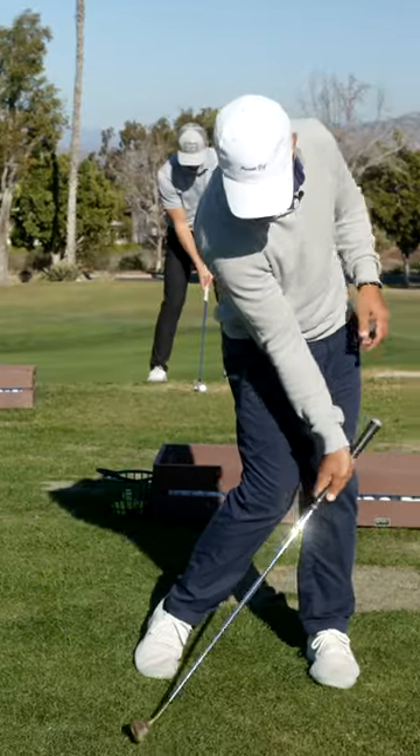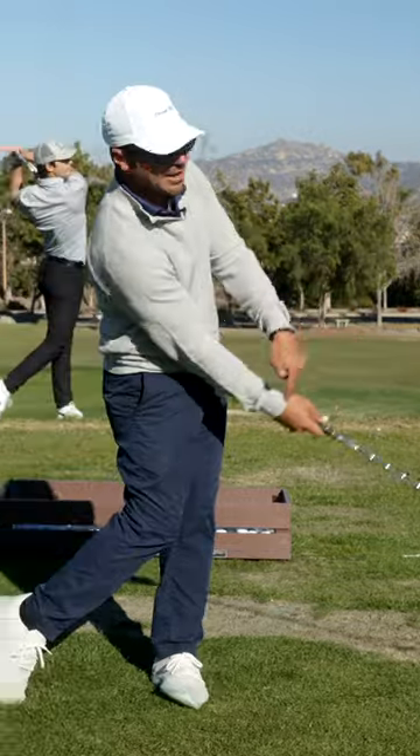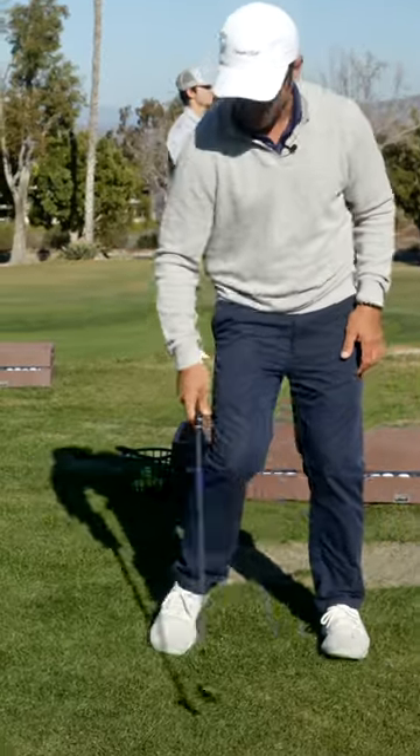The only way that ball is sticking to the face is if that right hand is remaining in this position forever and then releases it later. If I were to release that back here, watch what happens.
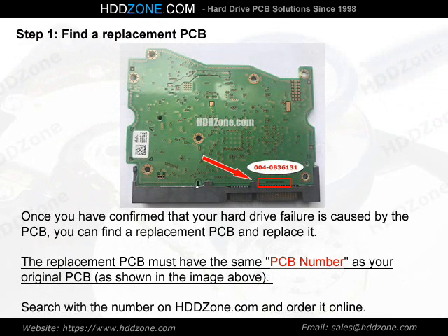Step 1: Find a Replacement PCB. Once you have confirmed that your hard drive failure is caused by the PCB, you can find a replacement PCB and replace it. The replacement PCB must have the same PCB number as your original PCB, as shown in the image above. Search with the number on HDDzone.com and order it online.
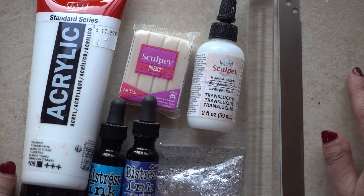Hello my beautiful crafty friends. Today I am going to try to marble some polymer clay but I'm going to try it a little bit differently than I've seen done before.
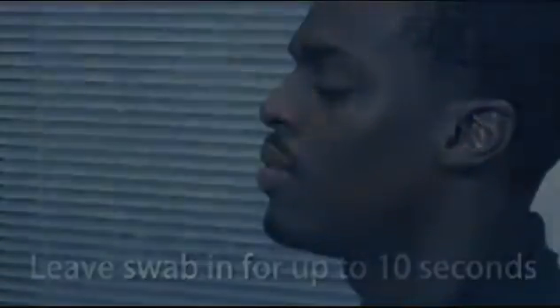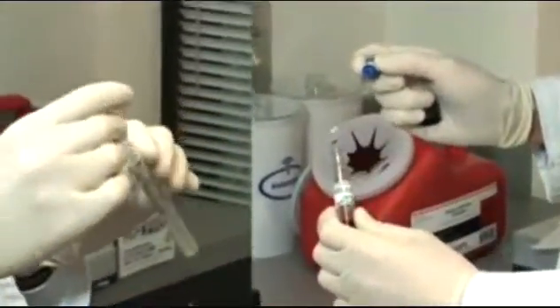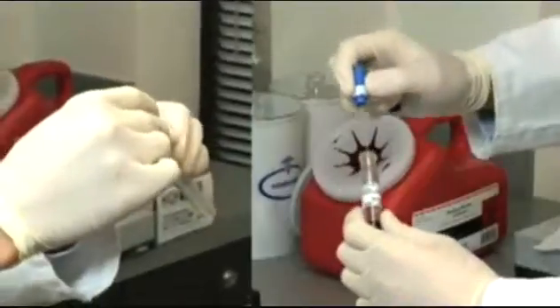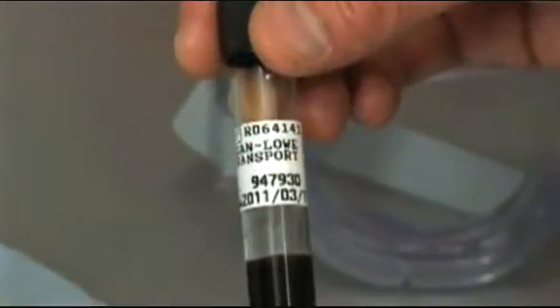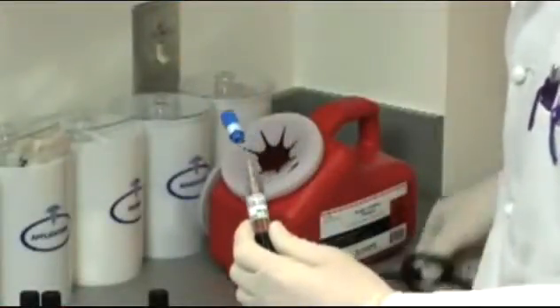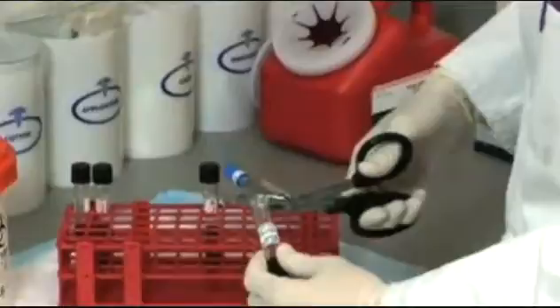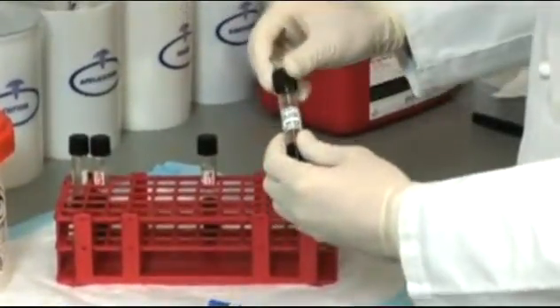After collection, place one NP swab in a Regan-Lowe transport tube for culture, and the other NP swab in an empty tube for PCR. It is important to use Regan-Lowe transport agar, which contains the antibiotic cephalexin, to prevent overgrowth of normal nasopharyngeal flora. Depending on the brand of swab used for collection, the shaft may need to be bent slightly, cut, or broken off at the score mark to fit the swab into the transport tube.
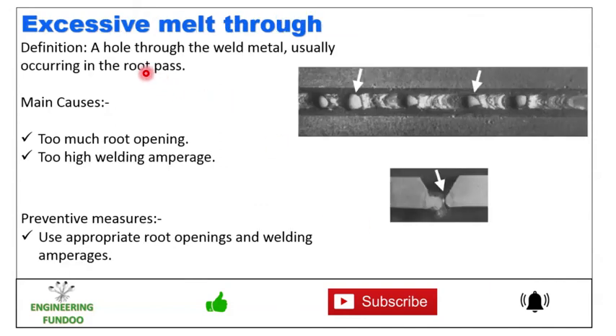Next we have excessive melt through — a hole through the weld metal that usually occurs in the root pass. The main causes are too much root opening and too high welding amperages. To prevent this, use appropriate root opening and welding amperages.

* * *

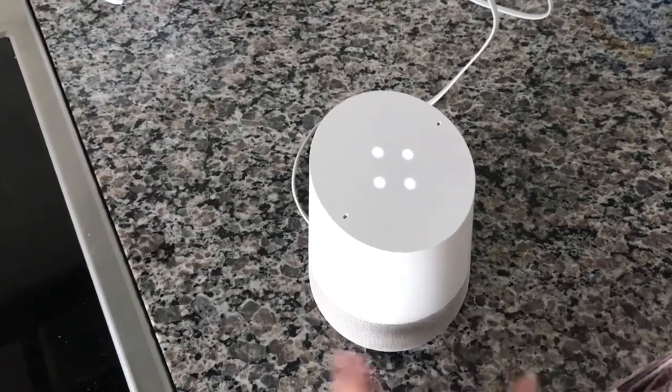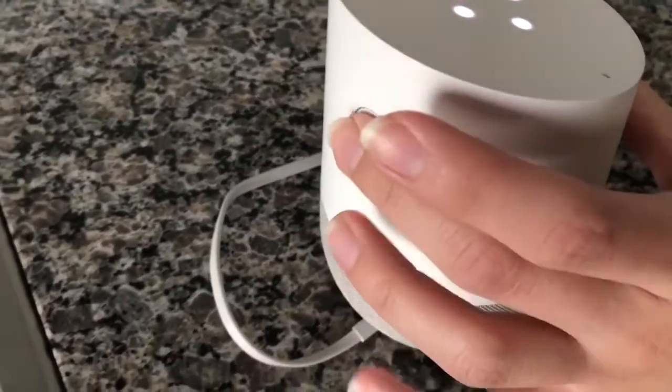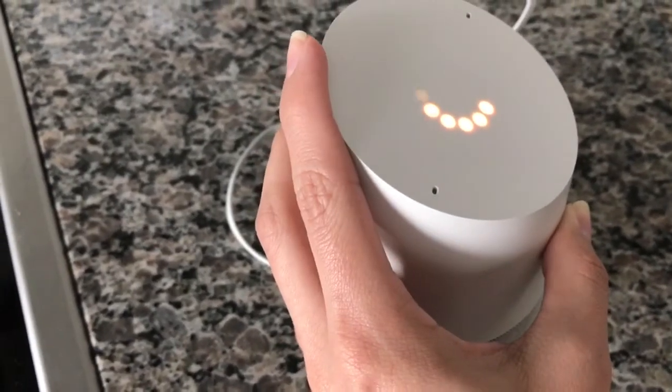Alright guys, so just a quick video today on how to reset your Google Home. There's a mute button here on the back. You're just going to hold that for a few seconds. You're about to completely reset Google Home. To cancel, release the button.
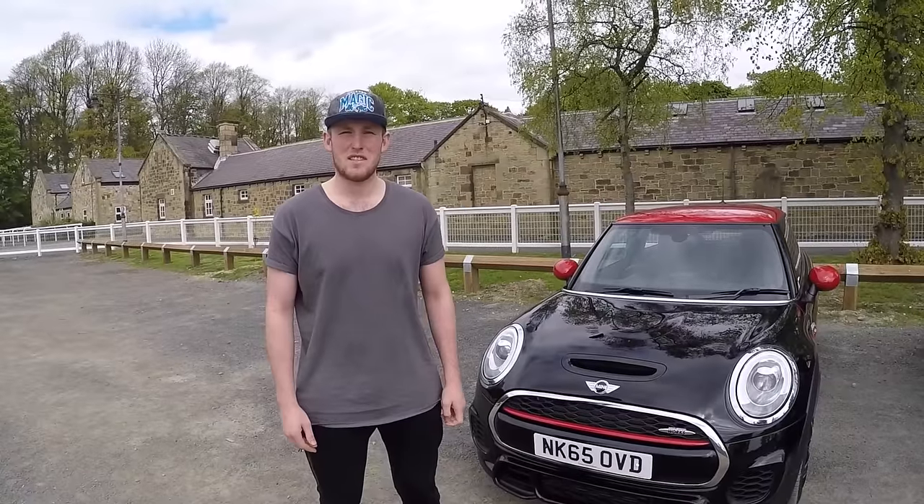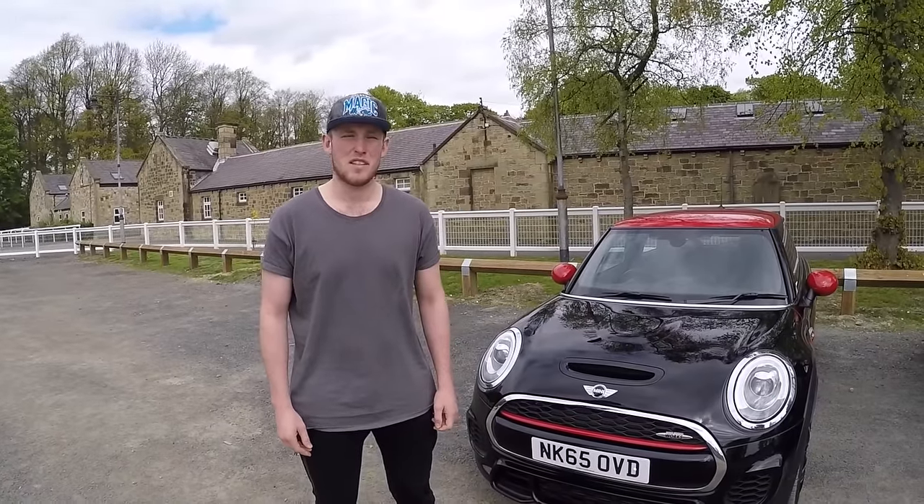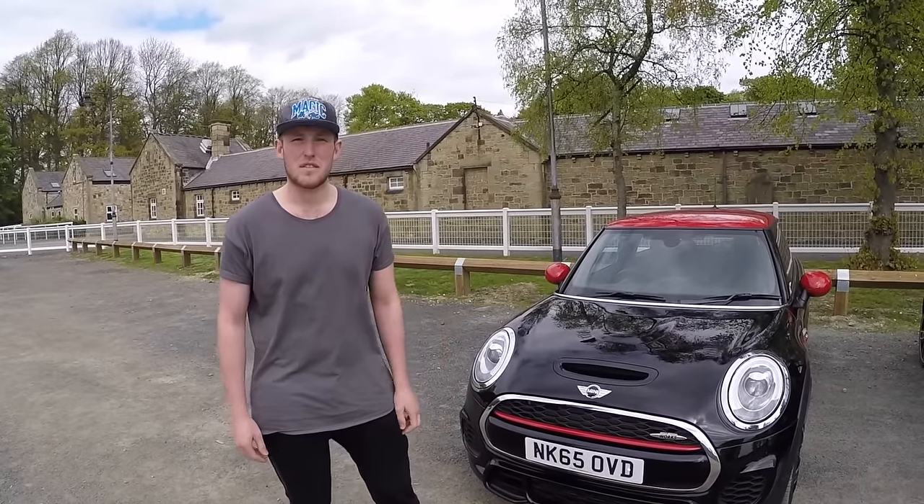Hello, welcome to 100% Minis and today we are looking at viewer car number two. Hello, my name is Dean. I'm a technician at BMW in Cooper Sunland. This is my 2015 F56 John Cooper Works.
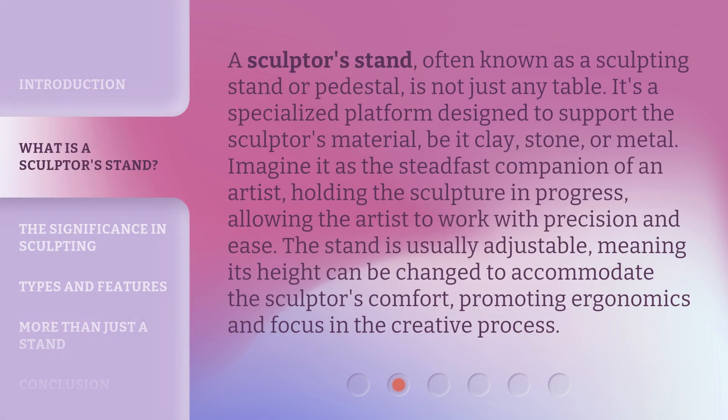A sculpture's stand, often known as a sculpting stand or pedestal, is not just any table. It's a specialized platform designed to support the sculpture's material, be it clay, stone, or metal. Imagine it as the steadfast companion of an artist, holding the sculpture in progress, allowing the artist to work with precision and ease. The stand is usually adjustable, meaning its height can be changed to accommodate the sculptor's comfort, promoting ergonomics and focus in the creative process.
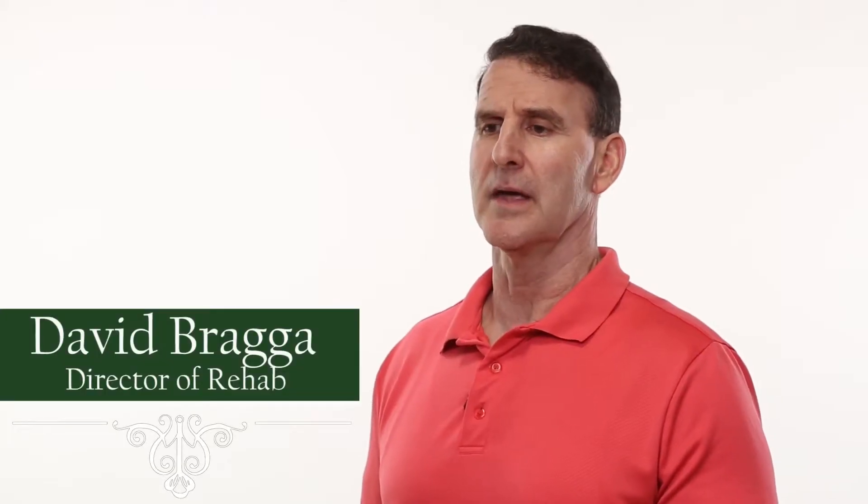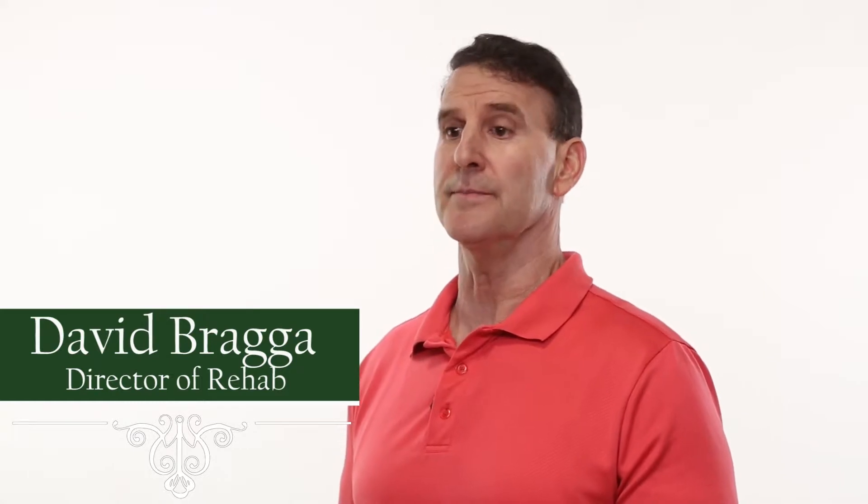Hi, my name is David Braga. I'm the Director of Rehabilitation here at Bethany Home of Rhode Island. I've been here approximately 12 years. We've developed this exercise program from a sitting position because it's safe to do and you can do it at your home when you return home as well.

Exercise directions -> Copy only the lines above from the one containing "The only way" through the one containing "Hello my beautiful", both included. Leave out the pictures.

Your solution ->
The only way that ball is sticking to the face is if that right hand is remaining in this position forever and then releases it later. If I were to release that back here, watch what happens.
Step 1: Find a Replacement PCB. Once you have confirmed that your hard drive failure is caused by the PCB, you can find a replacement PCB and replace it. The replacement PCB must have the same PCB number as your original PCB, as shown in the image above. Search with the number on HDDzone.com and order it online.
Hello my beautiful crafty friends. Today I am going to try to marble some polymer clay but I'm going to try it a little bit differently than I've seen done before.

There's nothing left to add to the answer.